4. The composition of claim 1 wherein the oil droplets are selected from a group of one or more of methyl soyate. soybean oil, peanut oil, corn oil, canola oil, coconut oil, or fish oil.

5. The composition of claim 1 wherein the solid particulates are in the range of 1 to 70% by mass of the non-aqueous liquid phase.

6. The composition of claim 1 wherein the solid particulates have a particle size in the range of about 0.1 to 1000 micrometers.

7. The composition of claim 1 wherein the water-miscible non-aqueous liquid phase is in the range of about 40 to 99% by volume.

8. The composition of claim 1 further comprising a surfactant.

9. The composition of claim 8 wherein the surfactant is in the range of 0.1 to 10 mass percent of the oil mass.

10. The composition of claim 1 wherein the solid particulates comprise zero valent iron particles.
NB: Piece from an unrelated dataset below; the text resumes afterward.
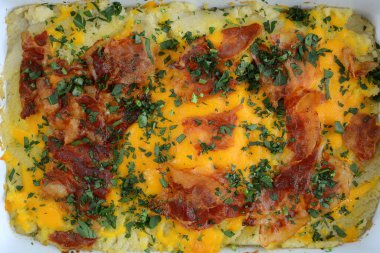 Arka planda keto yüklü karnabahar ezmesi, kapat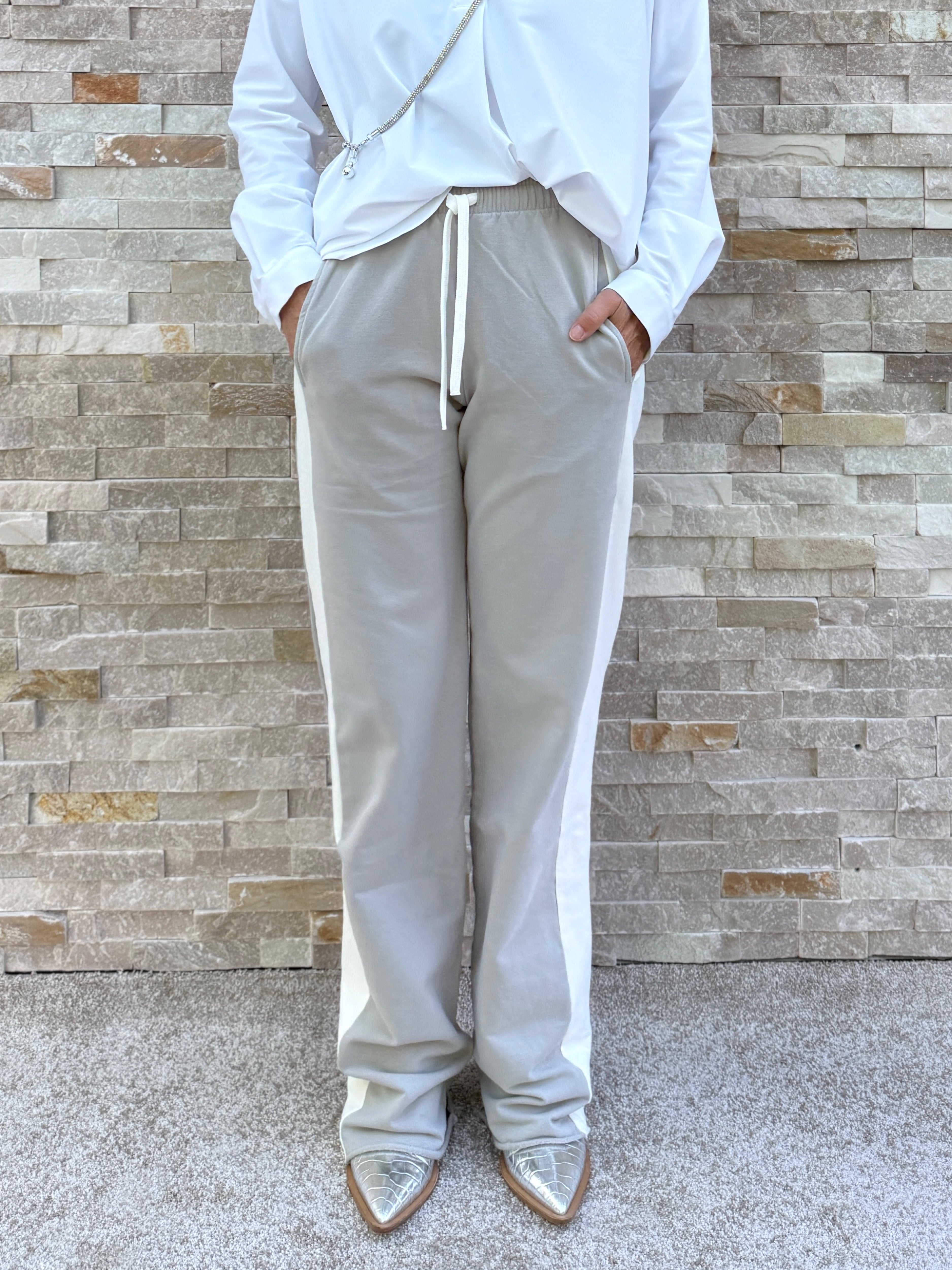Track Pants mit Galon Steifen in Mineral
11. The composition of claim 10 wherein the water-miscible non-aqueous liquid phase is glycerol and the composition is an oil-in-glycerol emulsion.

12. A method of preparing a groundwater remediation product comprising:

mixing oil droplets, a water-miscible non-aqueous liquid phase, and solid particulates contained in the water-miscible non-aqueous liquid phase to form a composition.

13. The method of claim 12 further comprising adding a thickener to the composition.

14. The method of claim 12 wherein the solid particulates comprise zero valent iron particles.

15. The method of claim 14 further comprising adding the zero valent iron particles to glycerol to form a glycerol and iron mixture.

16. The method of claim 15 further comprising adding a surfactant to the glycerol and iron mixture to form an oil-in-glycerol emulsion.

17. The method of claim 12 further comprising:

applying the composition into one or more of: soil and groundwater.

18. A method of groundwater remediation, comprising:

diluting a composition with water in a mass ratio of 0 to 99% water and adding a chemical dispersant such that the composition becomes an aqueous product, the composition comprising oil droplets, a water-miscible non-aqueous liquid phase, and one or more solid particulates including zero valent iron particles, the oil droplets and the solid particulates being contained within the water-miscible non-aqueous liquid phase; and

applying the aqueous product to one or more of: soil and groundwater.

19. The method of claim 18 wherein the applying step comprises injecting the aqueous product through metal rods with perforations or through screened wells at pressures ranging from 0 to 1000 psi.

20. The method of claim 18 wherein the applying step comprises inserting the aqueous product into the soil or groundwater by one or more of: gravity feed and soil mixing.